Political Alliance in Bangladesh

Islami Jatiya Oikya Front (IJOF, lit. Islamic National United Front) was a short-lived political alliance in Bangladesh. Formed in 2001, it was one of the three principal contenders in that year's parliamentary elections. Led by the Jatiya Party (Ershad), it also included the Islami Shashontantra Andolan (ISA) and three other parties.

The founder of the ISA, Fazlul Karim, declared that IJOF's intention was to establish an Islamic government. Other planks in the party platform included transforming Bangladesh into a federation of eight autonomous provinces, and prohibiting women from becoming prime minister.

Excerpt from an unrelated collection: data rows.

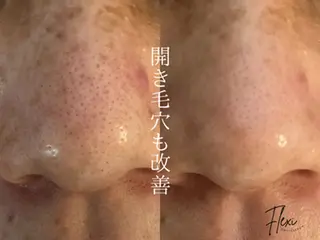 Flexi 表参道所属・🌟ニキビ・毛穴ケア 🌿Flexi表参道のエステ・リラクイメージ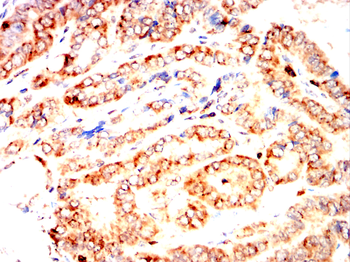 ATF4 Antibody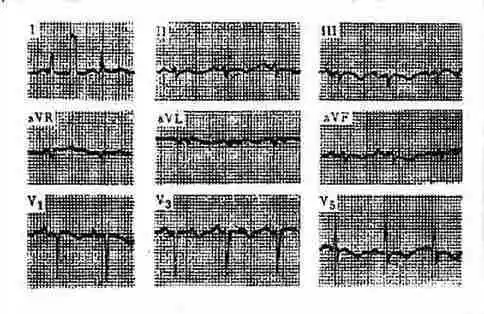 缩窄性心包炎constrictivepericarditis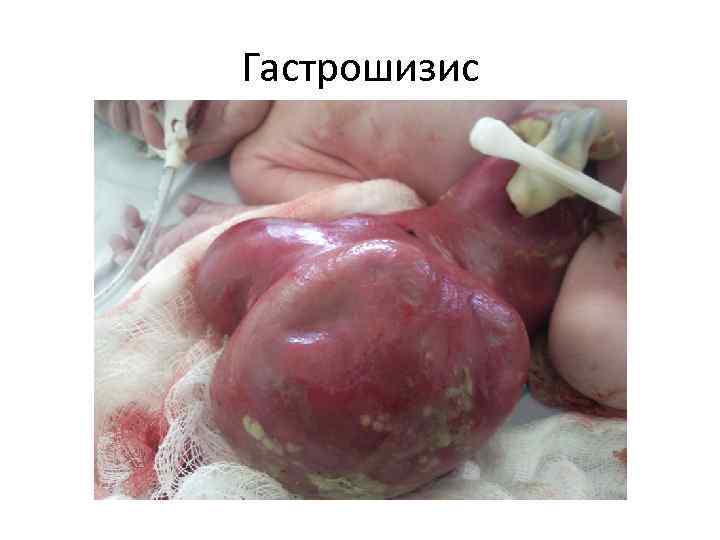 Гастрошизис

The Jatiya Party (Ershad) fielded candidates in 281 of the country's 300 parliamentary constituencies, leaving the remaining 19 to be contested by its junior partners. The front won 14 seats. It received 7.25% of the votes, and accordingly was allocated 3 of the 45 additional seats reserved for women.

The front collapsed after the 2001 election because, according to political scientist Ali Riaz, "all of the 17 seats won by the alliance were JP candidates who preferred their party affiliation in the parliament".